1.2 Theoretical Basis 

The outline of the remainder of this research is providing background information related to 
international news sentiment and macroeconomic indicators. Describing the experimental setup and elaborates 
on the data preprocessing, the construction of the dataset and gives an overview of the algorithms that will be 
used. Presenting the results of the conducted experiments. Providing a general discussion and Discusing the 
limitations of this work and the recommendations for future research. Finally, the last step gives the conclusion 
of this work by reflecting on the research questions. This research requires supporting theories both basic and 
applied theories as well as clear concepts to formulate definitively the relationship between the two variables to 
be examined using machine-learning. 


1.2.1 The Concept of Sentimen 

Sentiment can be described as a public evaluation of current conditions and future prospects. There is a 
growing interest in the use of sentiment in analyzing, explaining, and predicting economic phenomena. To direct 
the level of accuracy in predicting macroeconomic variables, predictive models increasingly depend on 
objective and subjective variables. Literally, there is an agreement about the relationship between sentiment and 
future economic activity, albeit with a different explanation. Blanchard (1993), and Angeletos and La'O (2013) 
use the theory of "animal spirits" to explain that economic activity is driven by sentiment (Blanchard 1993; 
Angeletos & La’O 2013). On the other hand, Barsky and Sims (2012) shows that the correlation between 
sentiment and related economic activity in the future is due to the information aspect of the sentiment itself 
(Barsky & Sims, 2012) 


1.2.2 The Measurement of Sentiment 

Traditionally, the measurement of sentiment is usually based on survey-based index. This sentiment 
index is built from answers given by respondents to questions about current economic conditions and future 
prospects. Although its acceptance and application are broad, there has been some discussion about its 
usefulness in economic forecasting, and the reliability and validity of measurements (Garner 1991; Kellstedt et 
al 2015).
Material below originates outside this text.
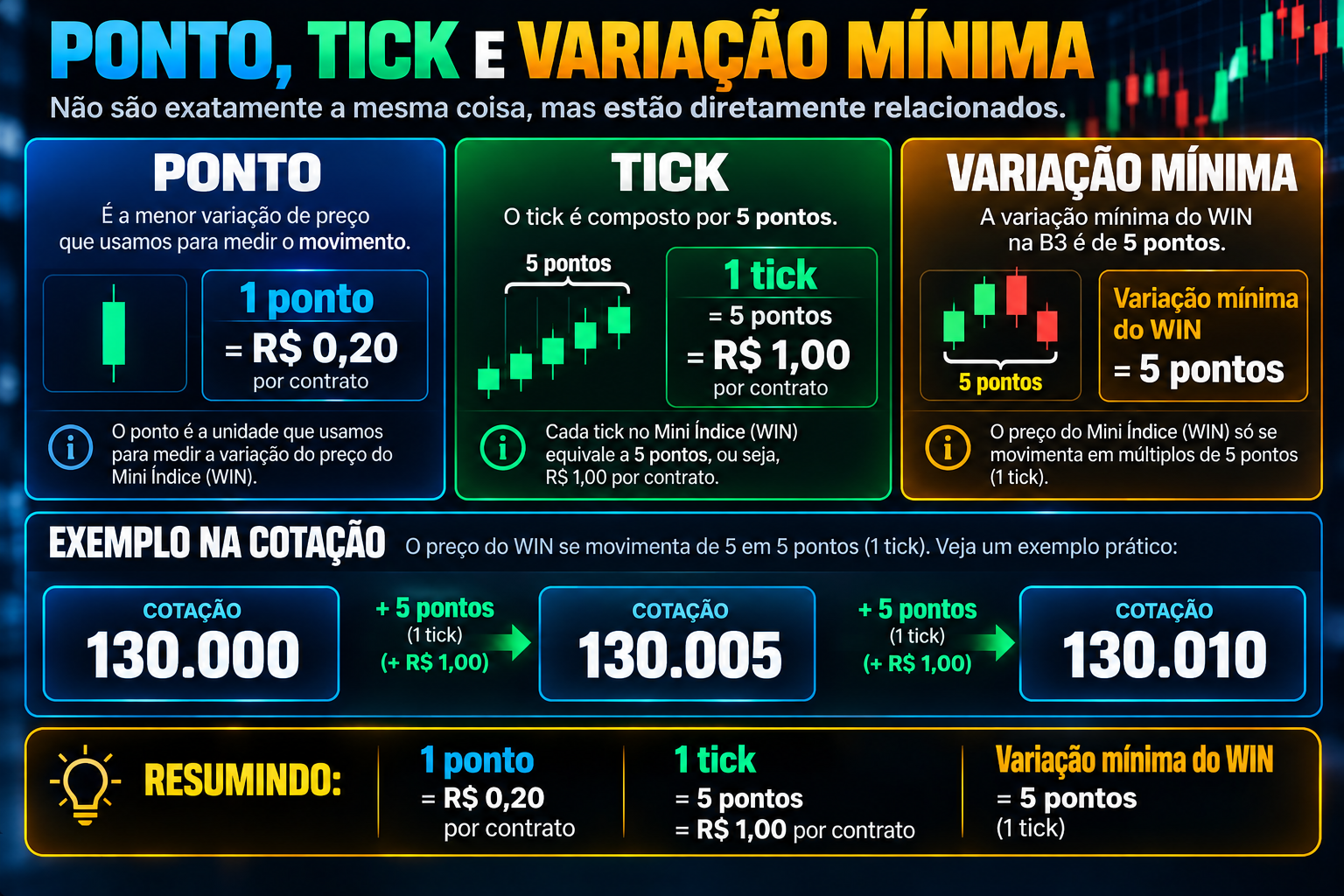 Diferenças entre ponto, tick e variação mínima do WIN, com cotações de cinco em cinco pontos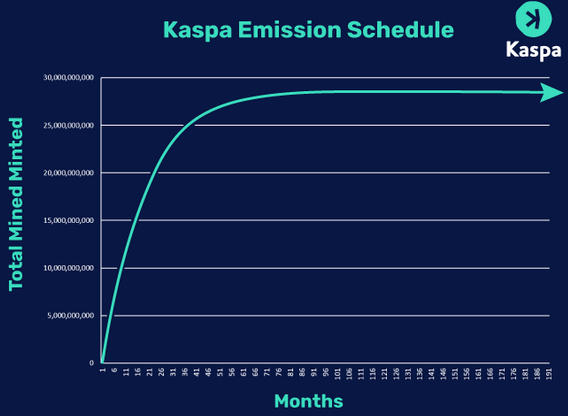 什么是 Kaspa (KAS) 以及如何使用 Kaspa 钱包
The latest method is done by computational techniques to extract sentiment from digital sources such 
as online newspaper articles. The advantages of text-based economic actions are low costs and has a broad 
coverage (Fraiberger, 2016). 


1.2.3 The Relationship of Sentiment with Mass Media News 

News articles are able to create certain opinion sentiments through evaluation of news topics by 
reported actors, implicit or explicit judgments (Noelle-Neuman & Mathes, 1987). Online news articles were 
found to be very suitable for the application of this automated method considering its important role in 
sentiment formation (Doms & Morin, 2004). On the one hand, news articles give the public information about 
economic conditions in the form of statistics and expert opinions. On the other hand, the tone of the article as 
well as the number of articles on a particular news topic were found to influence the formation of sentiments. 
One finding is that the role of the media largely influences the formation of sentiment because people renew 
their beliefs according to the content and volume in news articles. In addition, text-based sentiment measures 
were found to be faster in responding to news events compared to measurements based on survey responses 
(O’Conner, 2014).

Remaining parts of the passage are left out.